Written by Mia Altenau
Edited by Meredith Evridge
Energy was high this morning as kids woke up from their first (admittedly warm) sleep on the boat. As staff ran around making last-minute departure checks, captains, mates and campers enjoyed a breakfast buffet of bagels, cereal, oatmeal and yogurts. Each crew was given a tour of the boat, pointing out different parts and what they’re for. The crews went through a checklist of things to sort or check before leaving including making sure that the engine is in tip top condition, getting any swimsuits or towels off the deck that could fly away, and closing hatches. Divers were given homework for their chosen certification and all boats rotated through the dive shop.

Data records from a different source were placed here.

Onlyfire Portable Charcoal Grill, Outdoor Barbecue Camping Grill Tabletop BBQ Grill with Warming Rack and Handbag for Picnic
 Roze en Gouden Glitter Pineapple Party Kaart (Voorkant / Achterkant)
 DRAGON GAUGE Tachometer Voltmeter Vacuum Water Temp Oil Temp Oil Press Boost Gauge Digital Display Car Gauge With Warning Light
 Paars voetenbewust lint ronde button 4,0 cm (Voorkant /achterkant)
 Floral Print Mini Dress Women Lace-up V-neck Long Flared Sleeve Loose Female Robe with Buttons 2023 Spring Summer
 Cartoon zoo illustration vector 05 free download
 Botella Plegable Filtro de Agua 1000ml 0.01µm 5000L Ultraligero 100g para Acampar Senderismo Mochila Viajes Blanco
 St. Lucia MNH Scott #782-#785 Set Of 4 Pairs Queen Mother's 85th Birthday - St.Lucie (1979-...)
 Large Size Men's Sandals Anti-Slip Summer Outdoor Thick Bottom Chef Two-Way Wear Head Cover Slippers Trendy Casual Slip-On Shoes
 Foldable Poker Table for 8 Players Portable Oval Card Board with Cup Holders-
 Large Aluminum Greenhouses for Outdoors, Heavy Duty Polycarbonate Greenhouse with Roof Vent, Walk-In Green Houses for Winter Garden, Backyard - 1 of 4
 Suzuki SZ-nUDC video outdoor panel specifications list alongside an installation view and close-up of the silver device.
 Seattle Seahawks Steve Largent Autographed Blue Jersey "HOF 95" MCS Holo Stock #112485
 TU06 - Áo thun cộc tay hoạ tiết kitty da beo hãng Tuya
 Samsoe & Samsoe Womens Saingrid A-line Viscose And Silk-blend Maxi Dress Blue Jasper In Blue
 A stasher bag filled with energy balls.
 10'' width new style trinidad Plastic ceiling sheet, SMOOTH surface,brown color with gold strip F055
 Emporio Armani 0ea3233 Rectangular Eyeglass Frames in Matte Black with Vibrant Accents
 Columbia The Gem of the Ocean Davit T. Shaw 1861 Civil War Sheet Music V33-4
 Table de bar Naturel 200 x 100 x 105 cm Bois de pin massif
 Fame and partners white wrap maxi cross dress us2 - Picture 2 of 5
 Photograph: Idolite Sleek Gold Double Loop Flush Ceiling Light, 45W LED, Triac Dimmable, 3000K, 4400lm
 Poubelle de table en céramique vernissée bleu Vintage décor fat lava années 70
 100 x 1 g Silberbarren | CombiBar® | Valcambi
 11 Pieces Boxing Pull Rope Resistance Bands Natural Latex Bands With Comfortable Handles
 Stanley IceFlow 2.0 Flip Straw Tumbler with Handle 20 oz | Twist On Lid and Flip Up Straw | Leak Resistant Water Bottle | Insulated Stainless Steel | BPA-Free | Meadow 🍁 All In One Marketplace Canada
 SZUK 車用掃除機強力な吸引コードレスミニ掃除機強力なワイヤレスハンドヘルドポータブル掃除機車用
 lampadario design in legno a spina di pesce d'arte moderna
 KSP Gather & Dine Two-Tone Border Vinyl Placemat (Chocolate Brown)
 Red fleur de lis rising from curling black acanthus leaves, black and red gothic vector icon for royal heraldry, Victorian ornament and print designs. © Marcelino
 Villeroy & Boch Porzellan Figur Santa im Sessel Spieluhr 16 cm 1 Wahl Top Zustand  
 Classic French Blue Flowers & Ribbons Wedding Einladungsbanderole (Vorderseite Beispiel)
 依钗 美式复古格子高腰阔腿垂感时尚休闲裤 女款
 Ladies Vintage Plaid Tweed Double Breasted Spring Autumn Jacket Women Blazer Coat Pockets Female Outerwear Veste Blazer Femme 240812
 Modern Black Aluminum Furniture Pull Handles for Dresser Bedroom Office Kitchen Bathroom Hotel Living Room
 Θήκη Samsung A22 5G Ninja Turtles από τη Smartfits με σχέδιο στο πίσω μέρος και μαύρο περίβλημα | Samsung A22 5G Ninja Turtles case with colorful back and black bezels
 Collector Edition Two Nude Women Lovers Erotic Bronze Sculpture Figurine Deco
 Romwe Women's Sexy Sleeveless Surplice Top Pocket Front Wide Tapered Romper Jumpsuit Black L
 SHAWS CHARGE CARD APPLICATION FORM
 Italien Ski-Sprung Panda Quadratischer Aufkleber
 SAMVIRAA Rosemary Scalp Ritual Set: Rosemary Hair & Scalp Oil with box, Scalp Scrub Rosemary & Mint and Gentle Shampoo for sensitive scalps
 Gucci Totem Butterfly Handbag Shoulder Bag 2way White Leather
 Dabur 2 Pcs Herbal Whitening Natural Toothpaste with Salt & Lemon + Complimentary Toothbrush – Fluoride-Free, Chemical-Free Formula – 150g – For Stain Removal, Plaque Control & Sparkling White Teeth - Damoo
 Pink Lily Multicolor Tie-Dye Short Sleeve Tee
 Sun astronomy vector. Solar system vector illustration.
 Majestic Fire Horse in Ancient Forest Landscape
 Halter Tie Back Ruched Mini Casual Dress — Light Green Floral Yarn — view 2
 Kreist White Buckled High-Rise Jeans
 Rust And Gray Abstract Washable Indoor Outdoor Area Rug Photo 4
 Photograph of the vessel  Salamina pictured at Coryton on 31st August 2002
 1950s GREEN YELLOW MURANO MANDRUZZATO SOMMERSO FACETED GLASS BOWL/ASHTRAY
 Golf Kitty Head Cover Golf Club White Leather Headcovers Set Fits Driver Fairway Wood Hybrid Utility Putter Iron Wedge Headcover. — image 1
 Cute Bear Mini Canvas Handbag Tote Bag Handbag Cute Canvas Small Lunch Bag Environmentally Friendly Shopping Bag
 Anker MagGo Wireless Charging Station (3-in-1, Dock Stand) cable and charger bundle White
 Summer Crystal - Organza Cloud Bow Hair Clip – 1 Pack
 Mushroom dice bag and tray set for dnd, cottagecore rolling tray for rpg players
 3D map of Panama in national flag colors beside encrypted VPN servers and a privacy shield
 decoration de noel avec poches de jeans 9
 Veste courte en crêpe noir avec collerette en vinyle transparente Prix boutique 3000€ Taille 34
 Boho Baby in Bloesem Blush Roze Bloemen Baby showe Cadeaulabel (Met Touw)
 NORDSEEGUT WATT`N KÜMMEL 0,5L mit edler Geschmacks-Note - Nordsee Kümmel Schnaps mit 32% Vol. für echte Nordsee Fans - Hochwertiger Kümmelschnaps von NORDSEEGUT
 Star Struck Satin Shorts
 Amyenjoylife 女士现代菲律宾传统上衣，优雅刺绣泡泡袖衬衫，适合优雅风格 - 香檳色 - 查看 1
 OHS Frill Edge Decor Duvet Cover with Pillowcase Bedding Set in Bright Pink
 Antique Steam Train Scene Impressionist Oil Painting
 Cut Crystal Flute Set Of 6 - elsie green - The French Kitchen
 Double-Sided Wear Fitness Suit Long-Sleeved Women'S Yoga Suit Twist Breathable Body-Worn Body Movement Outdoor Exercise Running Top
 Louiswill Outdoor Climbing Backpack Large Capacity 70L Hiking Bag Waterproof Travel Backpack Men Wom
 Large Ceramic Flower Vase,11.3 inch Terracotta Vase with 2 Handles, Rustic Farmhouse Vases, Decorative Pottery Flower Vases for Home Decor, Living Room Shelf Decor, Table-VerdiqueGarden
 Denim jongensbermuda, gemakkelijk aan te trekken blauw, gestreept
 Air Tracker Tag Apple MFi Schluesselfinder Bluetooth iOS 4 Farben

Fitted with a mask and fins for snorkeling, and dive gear for our divers, we all met back on our home boats for a boat picture!
Finally, the fleet set sail, starting with the dedocking of the first boat at 10 AM. The other boats followed, staggered about every fifteen minutes. Students were given lessons on sailing maneuvers, the beginning of hopefully a lifetime interest in sailing. Lessons underway consisted of winch safety, unfurling and furling
the jib, downwind sailing, jibing and using a preventer, and picking up a mooring ball.
Around 2 PM, the fleet was successfully moored at The Bight on Norman Island. With fourteen bright yellow Sail Caribbean flags billowing in the wind, the bay was quite a sight. Campers were then shuttled to shore by dinghy. Open Water divers stayed on shore to complete their swim test and set up gear. Advanced Open Water and Fun divers left with the dive boat for Angel Fish Reef where they were able to appreciate colorful coral and fish. They sharpened their dive skills including clearing masks, retrieving a regulator, and hovering. Meanwhile, campers on shore enjoyed the warm water, white sand beach, and games of spikeball and frisbee. Eventually, the divers returned and enjoyed some beach time as well before everyone returned to boats for showers and a hearty dinner of beef and/or veggie burritos! After dinner and a full boat clean, kids bonded at their second boat meeting of program. The sun set in a beautiful splash of rich, rose gold.
The greatest challenge during the program was staying entertained during the quarantine period. Not being able to leave your boat and not having a phone, which was a crutch against boredom, it was difficult at first to stay entertained.